My Honda dealer advised I needed new bushings on my car (Honda Civic Ex Coupe-2000 w/78,000 miles). He said it would cost $1,000+. Internet says bushings cost between $6.97 and $44.00 and the replacement time is 1 to 1 1/2 hours. This doesn’t add up to $1,000 to me. Any info would be appreciated.
What was the name of the bushing(s) the Dealer said was bad? What was the name of the bushing(s) you looked up?
Which bushings are we talking about?
A service writer can make anything come out to $1000 if he wants to. As others suggest, have him make a list of the exact bushings that need replacing and then get a quote from a good independent mechanic for parts and labor. It will be substantially less, I predict. The mechanic may also find not all the bushings in question need replacing.
The car has a number of bushings so which ones are being discussed?
Before blindly assuming the dealer is robbing you blind you should consider this.
An aftermarket bushing may be available on the cheap. However, the dealer may be using factory OEM parts and this mysterious bushing may be part of an assembly.
In this case the dealer may simply not be able to obtain a bushing only and may be required to purchase the assembly with bushing installed.
In spite of the perception, those factory OEM parts are not sold to the dealers at discount, wholesale prices. The dealer pays dearly for them.
The devil is always in the details.
In contrast the Dealer may pay dearly but sells them back to the manufacture at a profit in a warranty situation.
The bushings on the rear struts/springs are quite pricey to change. Not $1000 but expensive.
What bushings are you speaking of?
It’s been my experience (VW, SAAB, Honda, NIssan, Subaru) that the warranty markup is limited though. It’s always held to 20-25% over the price the dealer paid for the manufacturer for the part. On most lower cost parts that percentage either does not cover or barely covers the administrative costs.
In some cases the car makers start tweaking those dealer costs when they’re having to buy those parts back as warranty items. An example.
One time Subaru had a good-will warranty going on a halfshaft part.
The dealer cost on that part was 65 bucks and retailed to the customer for 95 dollars on a normal customer pay. Under warranty, this meant the dealer was reimbursed 65 + 25% or roughly 81 dollars with approx. 16 dollars for total adminstrative costs.
After Subaru started having to buy a number of these things all of a sudden the dealer “cost” dropped to 6.50.
This meant the dealer was reimbursed 6.50 + 25% or about 8 dollars and change total.

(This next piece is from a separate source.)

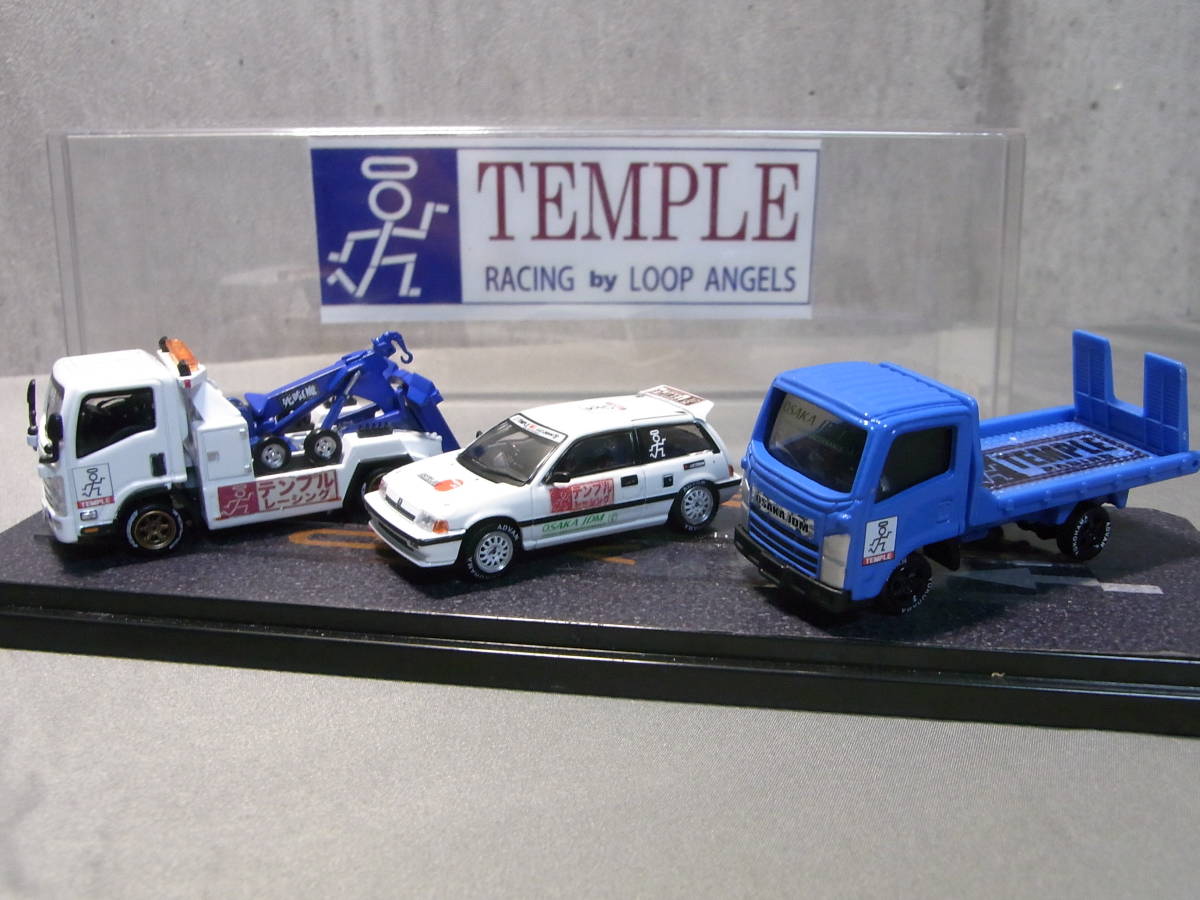 ★1円～カスタム品!★ワンダー シビック Si/エルフ 積載&レッカー車 3台セット＋ケース付!1/64【TEMPLE/テンプルレーシング仕様】大阪JDM_画像1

A 1.60 doesn’t go far when it comes to administrative costs.
Add in the time (months or even years) those parts may have been collecting both dust and interest money while sitting on the shelf and the profit on warranty items can be almost non-existent.
First, mary22 has to define her terms, because “bushing” is extremely generic and non-specific.
To give you an analogous situation, if someone complained that the dealer or the mechanic wanted to charge $400. to replace “the belt”, despite a parts price of $25.00 and a labor time of 45 minutes, that would not be a valid complaint if the belt price quote was actually for replacement of a timing belt, but the uninformed consumer looked up prices for a serpentine belt replacement.
It is possible that mary22 was given an inflated price quote by the Honda dealership. It is also possible that she has been researching the wrong bushing. Personally, I recommend that she get specific information before further questioning something that may not be excessively overpriced. In other words, she may be “comparing apples and oranges”. They are both fruits, but they are very different fruits that sell for different prices.
Why not look around and find a local mechanic that will give you an estimate and maybe take a look at it and determine if it really needs to be done?
Dealers are not gods. They are no better than independent mechanics, but they almost always charge more.
Rear trailing arms. Was advised that cost high due to fact that difficult to reach and have to take parts from RTA. Concern was this was discovered on prescribed oil change but hadn’t been noticed on previous two changes at 3,000 intervals. Told him I wasn’t interested and he advised it could cause me not to pass state inspection. This was a different fellow than I usually deal with and a different mechanic but at same dealership. Now have to take it in for state inspection. Concern is the cost. Which no one here has addressed. Do you fellows normally dole out $1,000 for bushings??? Is polyurethene so rare?
Your follow up post was on a very good path and then you lost it, let me explain. Bushings that are difficult to replace make for high labor nothing wrong here. Nothing wrong with you saying you don’t like the “your car will fail inspection” sales technique, I don’t like this either. You start to stray when you attach some type of red flag because the bushings were not noticed earlier. It goes bad when you stray from facts and throw the inflamatory “they want $1000.00 just for the part” complaint.
You are not stuck using this Dealer. You are correct to question this repair. I would go through inspection and see if this problem is even noticed. If you pass inspection then this pressure is removed and you can go to another garage and ask them to inspect.
I see nothing wrong in questioning this situation but don’t be inflamatory when you relate the facts.